> **Your assignment**: A faithful copy of the data is the goal; set it down exactly, without the images.

> **Input data**:
╭──

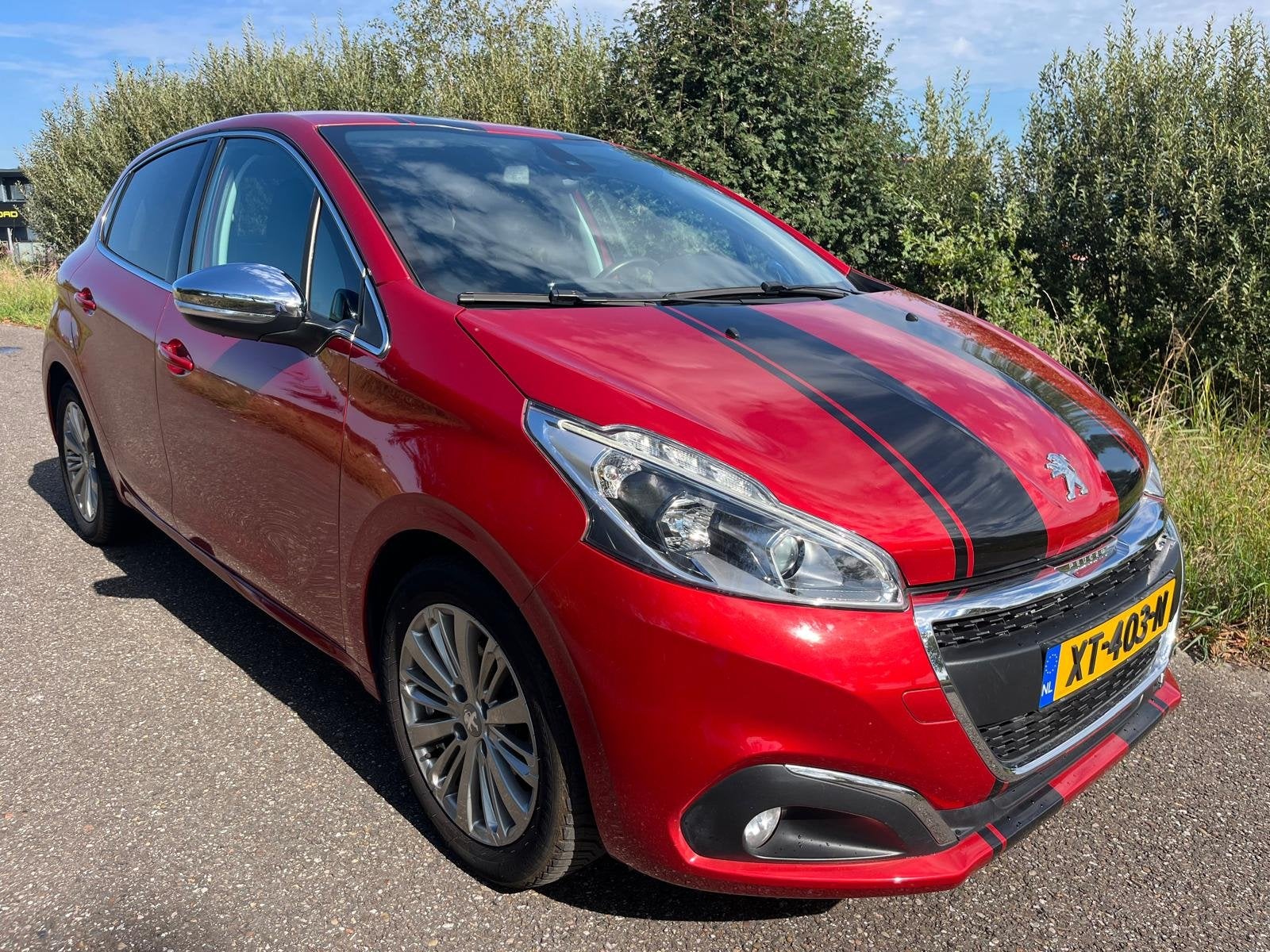 Peugeot 208 1.2 | Automaat | 111 pk | Clima | Cruise | Navi, Auto's, Gebruikt, Euro 6, 1199 cc, 49 €/maand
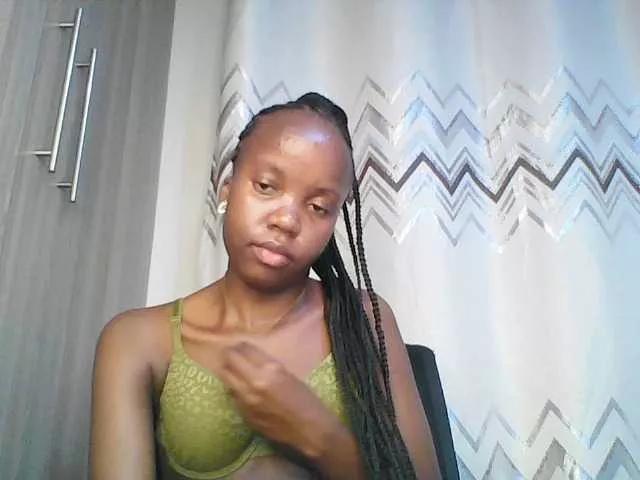 bigbaby004 on BongaCams 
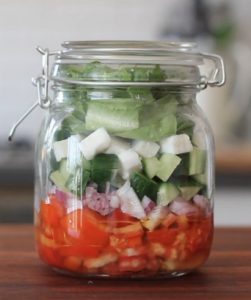 mikro vazaki me elliniki salata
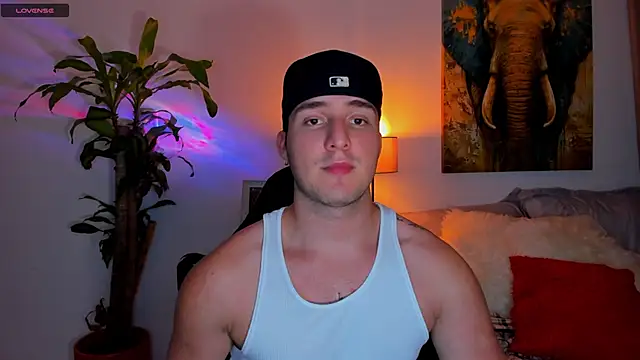 Snapshot of liam_oficial02 chatting on 03.18.25 liam oficial02 online show from 03.18.25
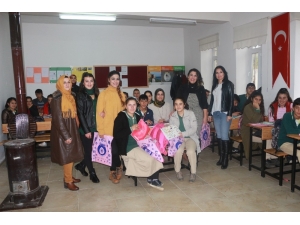 Ev Kadınlarından Köy Okulundaki Öğrencilere Yardım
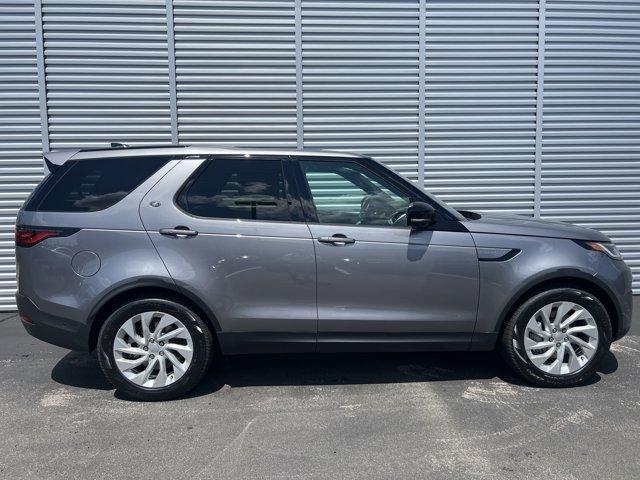 new 2025 Land Rover Discovery car, priced at $67,343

╰──

> **Task response**:
 Peugeot 208 1.2 | Automaat | 111 pk | Clima | Cruise | Navi, Auto's, Gebruikt, Euro 6, 1199 cc, 49 €/maand
 bigbaby004 on BongaCams 
 mikro vazaki me elliniki salata
 Snapshot of liam_oficial02 chatting on 03.18.25 liam oficial02 online show from 03.18.25
 Ev Kadınlarından Köy Okulundaki Öğrencilere Yardım
 new 2025 Land Rover Discovery car, priced at $67,343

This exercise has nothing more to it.